Start of Given data

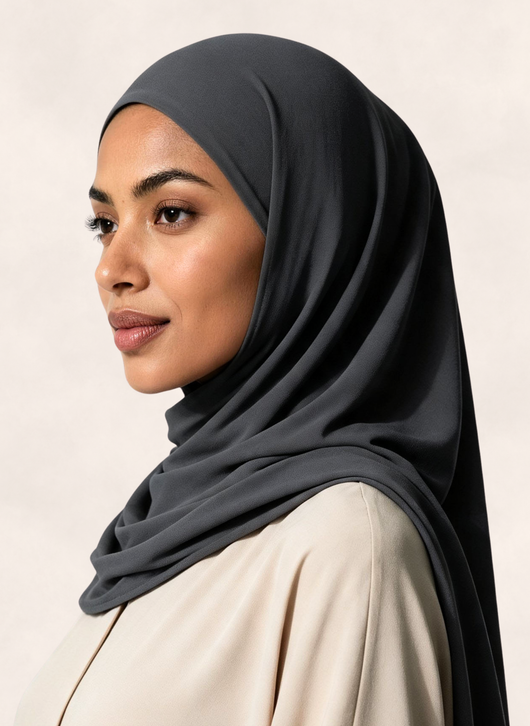 Woman wearing Nasma Instant Airy Jersey Hijab in Slate gray shade, right side angle view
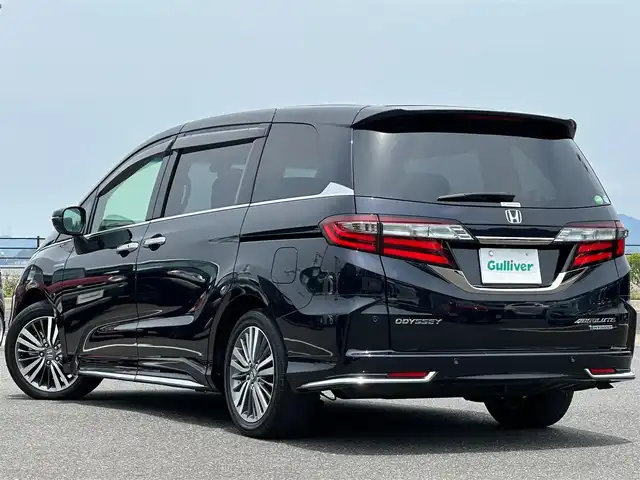 ホンダ オデッセイ ハイブリッド アブソルート ホンダセンシング 島根県 2020(令2)年 2.9万km プレミアムヴィーナスブラックP 純正9インチナビ/CD/DVD/DTV/Bluetooth/HDMI/USB/マルチビューカメラ /純正フリップダウンモニター/レーダークルーズコントロール/両側パワースライドドア/コーナーセンサー /LEDオートライト/ステアリングスイッチ/電子パーキング/ハーフレザー調シート/パワーシート/スマートキー/プッシュスタート /純正フロアマット/ドアバイザー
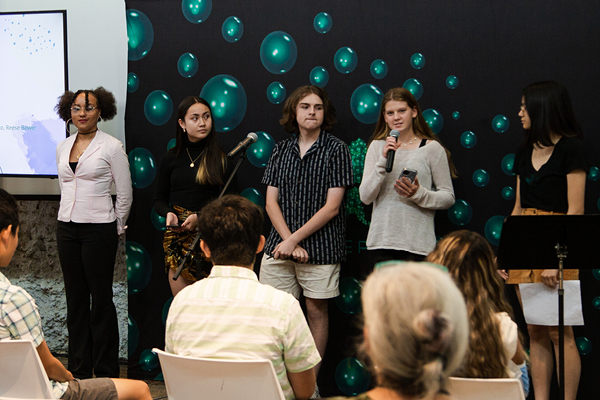 Three students standing in front of a black and green backdrop giving a presenation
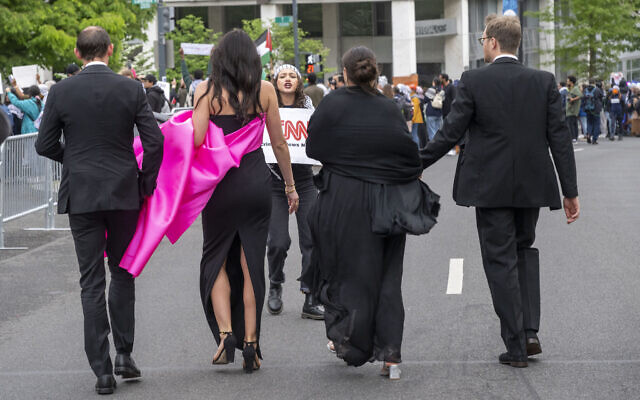 A demonstrator protests as guests arrive at the White House Correspondents Association Dinner at the Washington Hilton on April 27, 2024, in Washington. (AP Photo/Kevin Wolf)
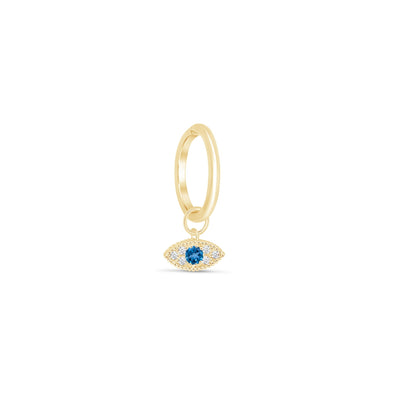 a gold charm with an evil eye charm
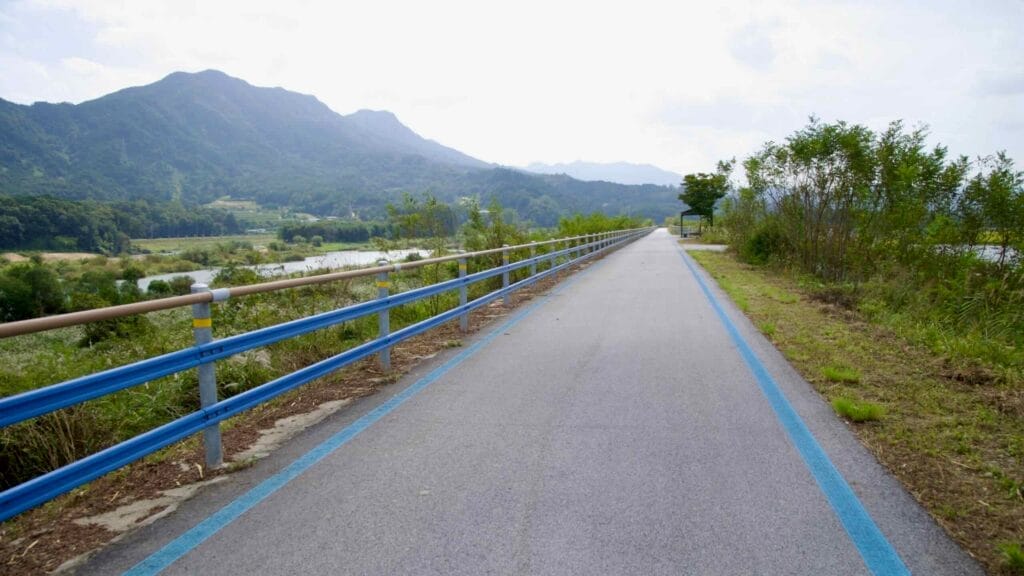Well-maintained Seomjingang Bike Path runs parallel to the river, offering scenic mountain views.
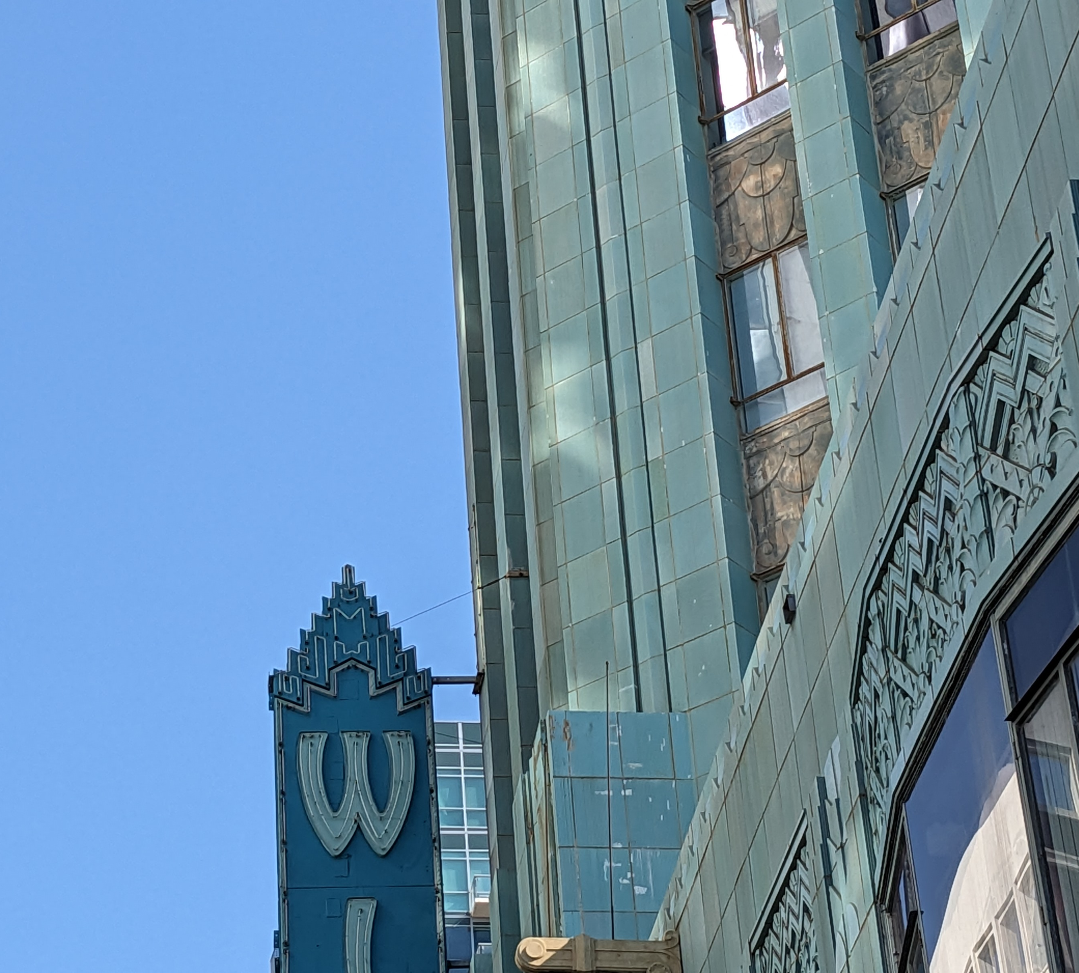 Top of the Wiltern sign and reflected light on the building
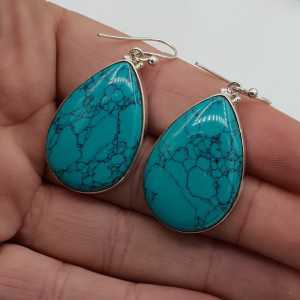 Silver earrings with large teardrop shaped Turquoise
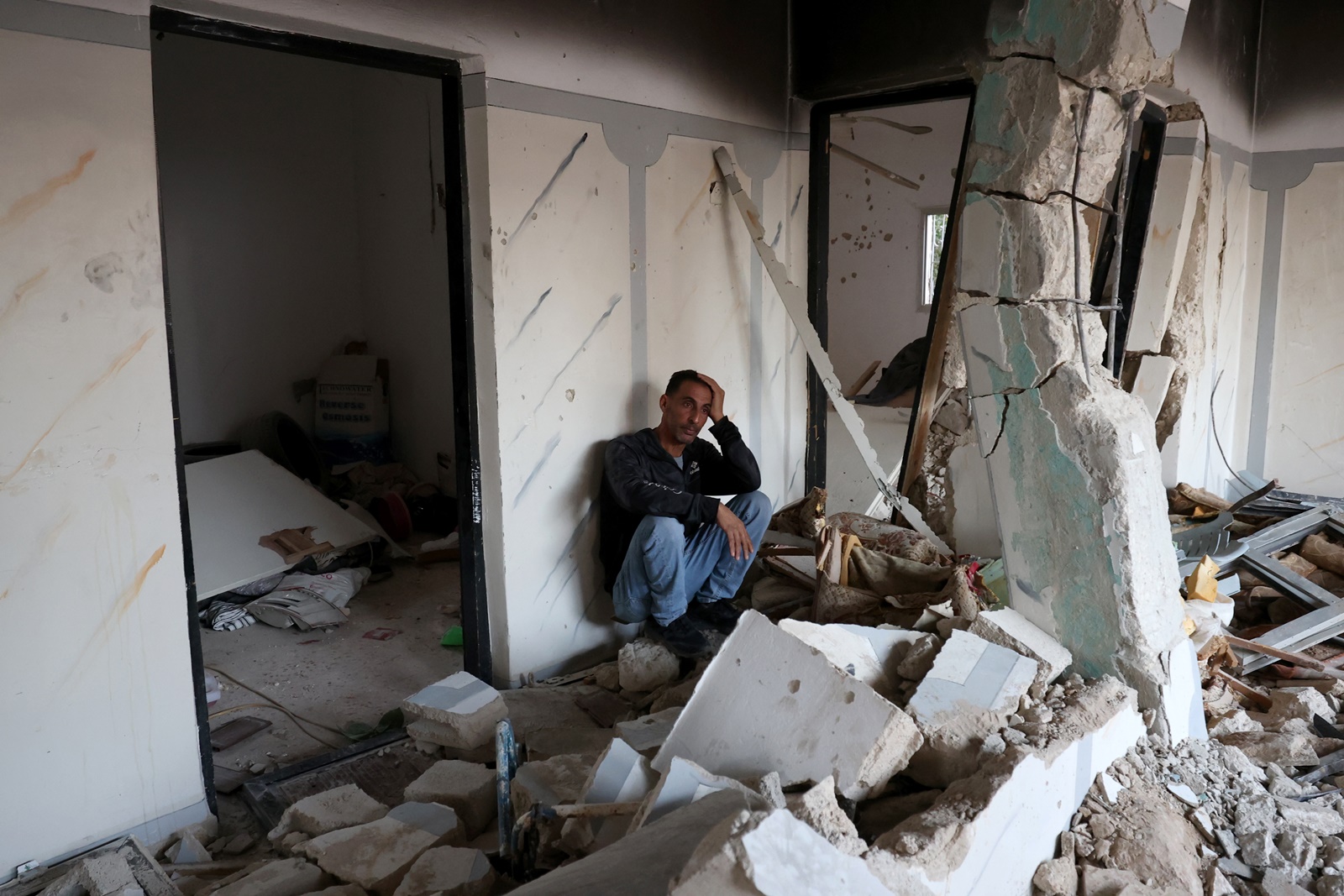 epa11002070 A Palestinian man reacts inside a damaged building following an Israeli raid on Jenin refugee camp, near the West Bank city of Jenin, 29 November 2023. According to the Palestinian Health Ministry, four Palestinians were killed, including two children, and eight others were injured in an overnight Israeli raid on the Jenin camp and ensuing clashes.  EPA/ALAA BADARNEH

End of Given data

(Work order): Return the listing verbatim; pictures are not part of the copy.

(Task result):
 Woman wearing Nasma Instant Airy Jersey Hijab in Slate gray shade, right side angle view
 ホンダ オデッセイ ハイブリッド アブソルート ホンダセンシング 島根県 2020(令2)年 2.9万km プレミアムヴィーナスブラックP 純正9インチナビ/CD/DVD/DTV/Bluetooth/HDMI/USB/マルチビューカメラ /純正フリップダウンモニター/レーダークルーズコントロール/両側パワースライドドア/コーナーセンサー /LEDオートライト/ステアリングスイッチ/電子パーキング/ハーフレザー調シート/パワーシート/スマートキー/プッシュスタート /純正フロアマット/ドアバイザー
 Three students standing in front of a black and green backdrop giving a presenation
 A demonstrator protests as guests arrive at the White House Correspondents Association Dinner at the Washington Hilton on April 27, 2024, in Washington. (AP Photo/Kevin Wolf)
 a gold charm with an evil eye charm
Well-maintained Seomjingang Bike Path runs parallel to the river, offering scenic mountain views.
 Top of the Wiltern sign and reflected light on the building
 Silver earrings with large teardrop shaped Turquoise
 epa11002070 A Palestinian man reacts inside a damaged building following an Israeli raid on Jenin refugee camp, near the West Bank city of Jenin, 29 November 2023. According to the Palestinian Health Ministry, four Palestinians were killed, including two children, and eight others were injured in an overnight Israeli raid on the Jenin camp and ensuing clashes.  EPA/ALAA BADARNEH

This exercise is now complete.